L’enquête a été menée par l’institut Louis Harris Medical de janvier à mai 2002. Le questionnaire adressé au 20 468 personnes inscrites dans le fichier de l’AFP a connu un grand succès, révélant le besoin d’une prise en charge globale des malades : plus de 14 000 personnes ont répondu, 7 702 malades, (dont 43% d’adhérents à l’AFP), 2834 membres de l’entourage, 1918 médecins.
La douleur concerne la quasi-totalité des malades, 93% déclarent avoir ressenti des douleurs au cours des huit derniers jours. Pour 45% des personnes la douleur est permanente, et une fois sur deux n’est pas soulagée par les médicaments prescrits.
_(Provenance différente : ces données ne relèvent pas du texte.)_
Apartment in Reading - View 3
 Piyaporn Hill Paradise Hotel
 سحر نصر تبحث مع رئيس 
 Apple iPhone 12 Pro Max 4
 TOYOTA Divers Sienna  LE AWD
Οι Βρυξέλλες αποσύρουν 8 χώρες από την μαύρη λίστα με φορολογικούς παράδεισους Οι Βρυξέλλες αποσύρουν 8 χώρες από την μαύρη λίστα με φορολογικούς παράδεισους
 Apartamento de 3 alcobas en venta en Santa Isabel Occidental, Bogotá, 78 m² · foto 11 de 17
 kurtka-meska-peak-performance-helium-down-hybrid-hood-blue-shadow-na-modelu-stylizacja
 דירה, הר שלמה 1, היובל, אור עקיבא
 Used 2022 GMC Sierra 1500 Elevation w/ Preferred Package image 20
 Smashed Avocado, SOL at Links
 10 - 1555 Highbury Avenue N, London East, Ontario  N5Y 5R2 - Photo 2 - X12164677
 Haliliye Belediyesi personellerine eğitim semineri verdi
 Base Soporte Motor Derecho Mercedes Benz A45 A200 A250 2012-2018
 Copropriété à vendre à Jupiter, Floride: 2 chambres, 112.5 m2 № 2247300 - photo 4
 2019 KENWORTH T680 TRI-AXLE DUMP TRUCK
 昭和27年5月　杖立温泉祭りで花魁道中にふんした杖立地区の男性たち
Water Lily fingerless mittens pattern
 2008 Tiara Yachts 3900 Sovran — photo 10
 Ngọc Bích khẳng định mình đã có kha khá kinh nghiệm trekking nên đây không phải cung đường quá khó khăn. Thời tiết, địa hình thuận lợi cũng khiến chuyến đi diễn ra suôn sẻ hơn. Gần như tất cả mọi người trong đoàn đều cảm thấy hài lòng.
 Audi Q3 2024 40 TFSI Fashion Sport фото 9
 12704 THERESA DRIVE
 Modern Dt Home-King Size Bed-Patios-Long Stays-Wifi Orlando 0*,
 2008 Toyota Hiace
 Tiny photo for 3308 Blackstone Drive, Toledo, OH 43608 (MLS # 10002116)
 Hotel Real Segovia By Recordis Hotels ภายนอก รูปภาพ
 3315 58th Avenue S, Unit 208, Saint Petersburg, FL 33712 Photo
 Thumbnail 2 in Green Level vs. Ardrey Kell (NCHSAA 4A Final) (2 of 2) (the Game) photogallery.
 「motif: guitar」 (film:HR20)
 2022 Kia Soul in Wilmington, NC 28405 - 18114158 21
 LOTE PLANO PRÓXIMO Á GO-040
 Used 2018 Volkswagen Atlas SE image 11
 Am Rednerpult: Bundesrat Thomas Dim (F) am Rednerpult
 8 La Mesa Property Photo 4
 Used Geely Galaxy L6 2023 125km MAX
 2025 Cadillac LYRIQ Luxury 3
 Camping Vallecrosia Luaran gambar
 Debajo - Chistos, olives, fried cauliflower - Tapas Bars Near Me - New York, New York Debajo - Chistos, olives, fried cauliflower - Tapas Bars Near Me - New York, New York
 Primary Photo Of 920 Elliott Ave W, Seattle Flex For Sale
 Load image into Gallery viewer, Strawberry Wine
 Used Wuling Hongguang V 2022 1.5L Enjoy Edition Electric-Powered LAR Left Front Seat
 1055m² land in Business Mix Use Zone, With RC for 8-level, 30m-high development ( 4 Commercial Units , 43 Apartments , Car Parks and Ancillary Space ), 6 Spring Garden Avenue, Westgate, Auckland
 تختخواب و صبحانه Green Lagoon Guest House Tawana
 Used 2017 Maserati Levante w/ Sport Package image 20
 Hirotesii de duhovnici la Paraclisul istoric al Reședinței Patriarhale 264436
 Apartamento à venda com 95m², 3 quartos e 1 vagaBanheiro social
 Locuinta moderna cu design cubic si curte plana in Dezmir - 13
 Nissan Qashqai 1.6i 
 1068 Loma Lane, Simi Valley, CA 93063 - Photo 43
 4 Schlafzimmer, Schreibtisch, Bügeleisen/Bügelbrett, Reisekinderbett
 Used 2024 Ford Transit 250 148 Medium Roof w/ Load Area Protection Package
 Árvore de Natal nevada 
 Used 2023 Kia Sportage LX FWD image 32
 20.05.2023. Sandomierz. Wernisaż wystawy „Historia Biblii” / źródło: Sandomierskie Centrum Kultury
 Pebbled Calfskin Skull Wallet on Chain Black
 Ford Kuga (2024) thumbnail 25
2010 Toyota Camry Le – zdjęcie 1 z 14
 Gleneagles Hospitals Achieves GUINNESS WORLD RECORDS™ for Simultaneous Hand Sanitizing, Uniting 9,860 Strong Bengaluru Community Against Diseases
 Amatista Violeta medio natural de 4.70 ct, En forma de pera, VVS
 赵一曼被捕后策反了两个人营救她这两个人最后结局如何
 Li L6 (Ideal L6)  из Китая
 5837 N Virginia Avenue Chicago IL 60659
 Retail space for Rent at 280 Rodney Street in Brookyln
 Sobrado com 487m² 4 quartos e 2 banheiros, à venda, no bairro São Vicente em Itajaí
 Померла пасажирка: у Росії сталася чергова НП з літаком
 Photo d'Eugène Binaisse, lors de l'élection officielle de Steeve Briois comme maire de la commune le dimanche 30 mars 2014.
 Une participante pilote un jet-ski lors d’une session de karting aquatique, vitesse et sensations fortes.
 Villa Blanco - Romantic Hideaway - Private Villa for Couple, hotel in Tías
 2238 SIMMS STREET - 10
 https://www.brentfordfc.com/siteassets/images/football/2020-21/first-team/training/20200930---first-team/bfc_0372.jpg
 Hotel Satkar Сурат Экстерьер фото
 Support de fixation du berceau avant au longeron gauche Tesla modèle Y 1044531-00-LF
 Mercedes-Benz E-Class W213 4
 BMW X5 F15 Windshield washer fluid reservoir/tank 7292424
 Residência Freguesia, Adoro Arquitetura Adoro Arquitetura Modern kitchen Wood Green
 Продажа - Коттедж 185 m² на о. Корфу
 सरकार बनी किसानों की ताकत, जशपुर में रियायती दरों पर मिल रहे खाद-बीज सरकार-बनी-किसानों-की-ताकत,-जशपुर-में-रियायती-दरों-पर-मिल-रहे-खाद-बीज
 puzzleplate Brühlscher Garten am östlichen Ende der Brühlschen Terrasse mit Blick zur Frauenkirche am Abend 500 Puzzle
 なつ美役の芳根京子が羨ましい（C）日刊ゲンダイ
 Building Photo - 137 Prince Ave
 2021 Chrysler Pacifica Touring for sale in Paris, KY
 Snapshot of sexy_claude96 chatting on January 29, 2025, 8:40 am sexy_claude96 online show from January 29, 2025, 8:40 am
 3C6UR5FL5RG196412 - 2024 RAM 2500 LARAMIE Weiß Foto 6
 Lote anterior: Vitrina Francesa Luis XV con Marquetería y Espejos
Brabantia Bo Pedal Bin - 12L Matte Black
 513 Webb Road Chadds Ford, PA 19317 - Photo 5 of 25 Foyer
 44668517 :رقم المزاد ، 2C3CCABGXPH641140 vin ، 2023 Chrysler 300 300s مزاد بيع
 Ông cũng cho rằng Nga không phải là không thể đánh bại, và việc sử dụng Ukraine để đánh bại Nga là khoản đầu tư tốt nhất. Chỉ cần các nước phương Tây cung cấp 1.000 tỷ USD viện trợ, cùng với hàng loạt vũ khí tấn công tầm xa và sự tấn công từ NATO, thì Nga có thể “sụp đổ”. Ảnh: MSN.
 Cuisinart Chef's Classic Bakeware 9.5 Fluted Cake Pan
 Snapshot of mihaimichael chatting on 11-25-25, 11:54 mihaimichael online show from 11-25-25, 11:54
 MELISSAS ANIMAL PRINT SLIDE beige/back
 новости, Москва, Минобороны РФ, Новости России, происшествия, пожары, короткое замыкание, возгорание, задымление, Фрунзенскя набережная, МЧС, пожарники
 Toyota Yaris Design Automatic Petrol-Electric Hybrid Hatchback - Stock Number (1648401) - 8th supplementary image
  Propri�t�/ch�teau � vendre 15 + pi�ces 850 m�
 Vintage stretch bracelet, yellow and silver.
L’enquête montre que les proches sont très présents, mais parfois en décalage. Si 72% des malades déclarent que leur entourage leur a apporté une aide, le questionnaire révèle que celui-ci a tendance à surestimer les douleurs et les ennuis quotidiens. D’où la réaction des malades, dont 44% se déclarent agacés par un comportement trop prévenant. Pourtant plus du tiers des malades croient que la famille sous-estime leur douleur.
La vie familiale est perturbée dans la moitié des cas, mais il n’est pas toujours facile d’instaurer un dialogue : 5% d’entre eux n’arrivent pas du tout à parler avec leur famille de la maladie, et 29% y parviennent avec difficulté.
Pour l’AFP, les médecins, spécialistes et généralistes, devraient mieux tenir compte des répercussions psychologiques de la polyarthrite rhumatoïde. Il est indispensable de mettre en place un suivi psychologique systématique des malades, des consultations pour sensibiliser les proches, et une ligne professionnelle d’écoute et de soutien pour toutes les personnes concernées, malades et familles.